* Records provided *
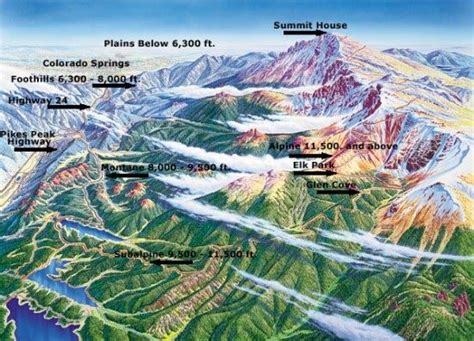 Pikes Peak International Hill Climb | Colorado travel, Pikes peak, Colorado map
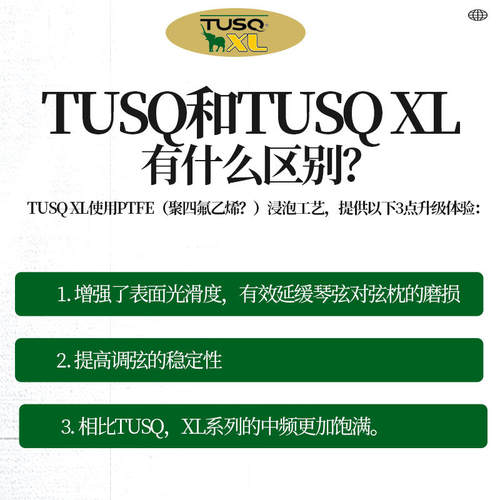 TUSQ吉他琴枕套装人造象牙芬达马丁民谣电木吉他上弦枕古典下琴桥 - 图2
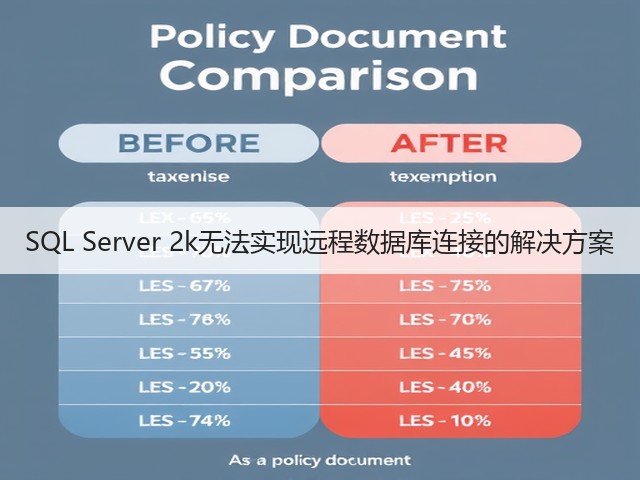 SQL Server 2k无法实现远程数据库连接的解决方案(图2) SQL Server 2k无法实现远程数据库连接的解决方案(图2)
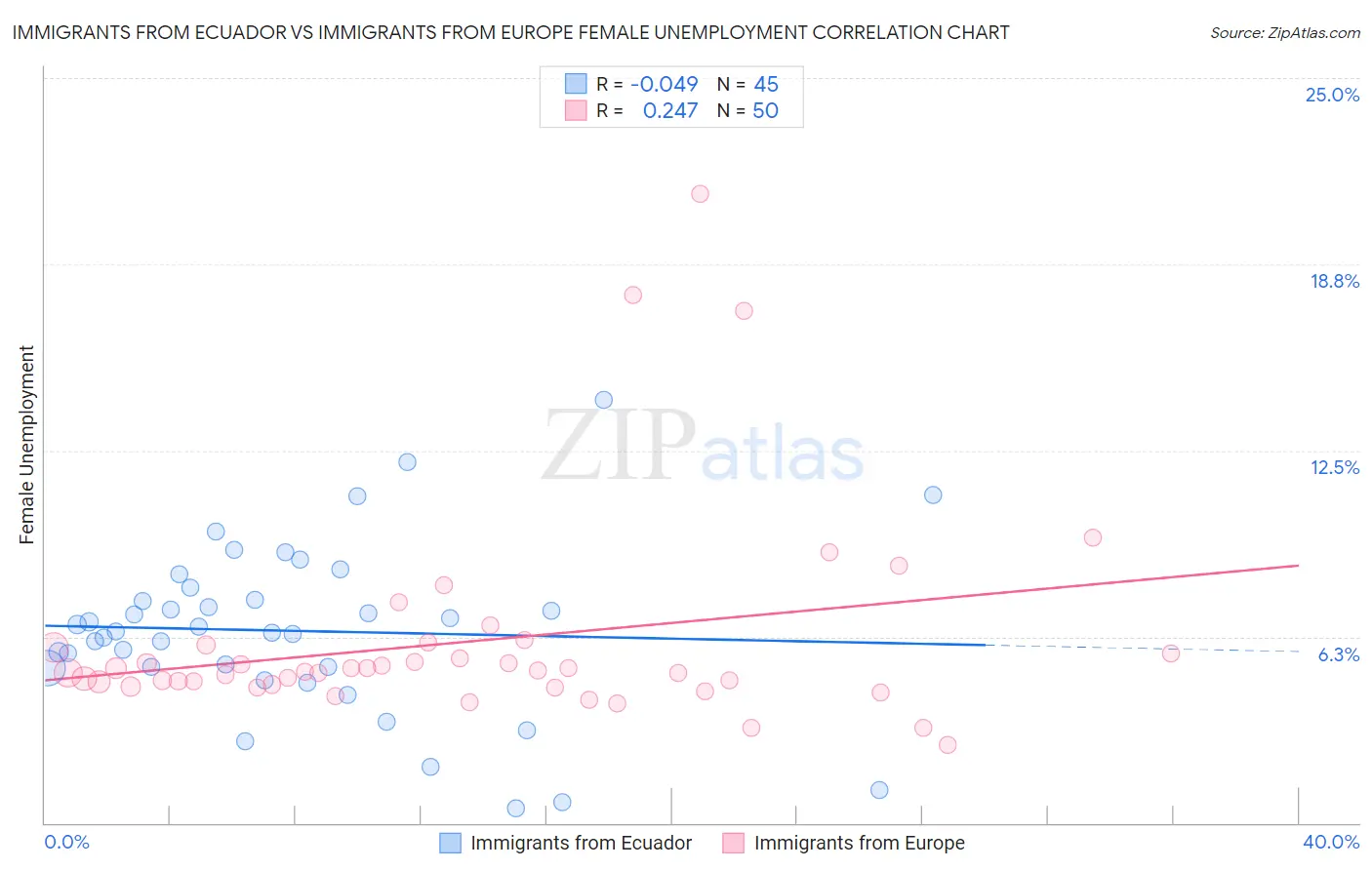 Immigrants from Ecuador vs Immigrants from Europe Female Unemployment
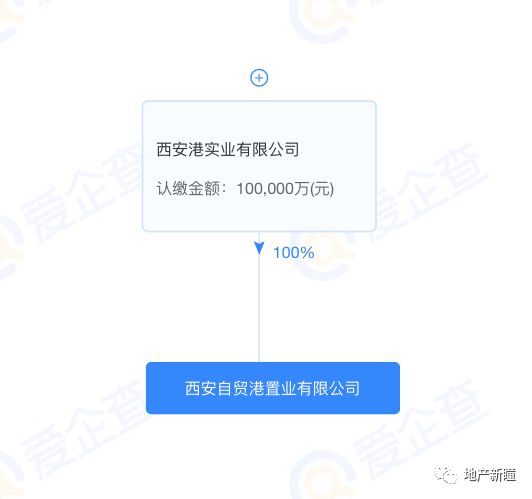 西安港实业转让旗下公司75%股权！沣西新城这所医院今年年底建成！(图1)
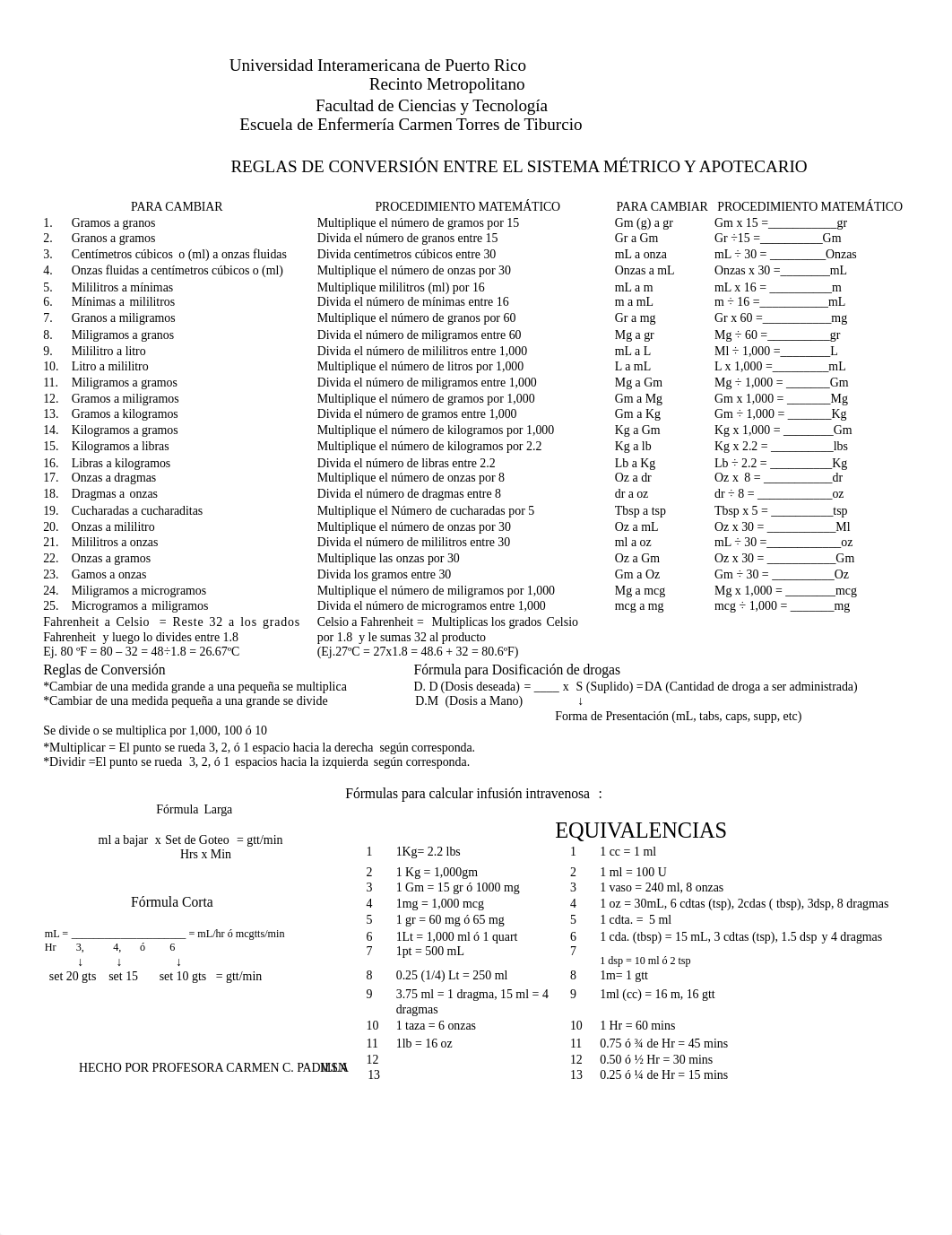 TABLA DE CONVERSIONES SISTEMA MÉTRICO.docx_df55uufj2j8_page1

* Exercise objective *
Output all of the records word for word, and keep the pictures out of the copy.

* Answer for the task *
 Pikes Peak International Hill Climb | Colorado travel, Pikes peak, Colorado map
 TUSQ吉他琴枕套装人造象牙芬达马丁民谣电木吉他上弦枕古典下琴桥 - 图2
 SQL Server 2k无法实现远程数据库连接的解决方案(图2) SQL Server 2k无法实现远程数据库连接的解决方案(图2)
 Immigrants from Ecuador vs Immigrants from Europe Female Unemployment
 西安港实业转让旗下公司75%股权！沣西新城这所医院今年年底建成！(图1)
 TABLA DE CONVERSIONES SISTEMA MÉTRICO.docx_df55uufj2j8_page1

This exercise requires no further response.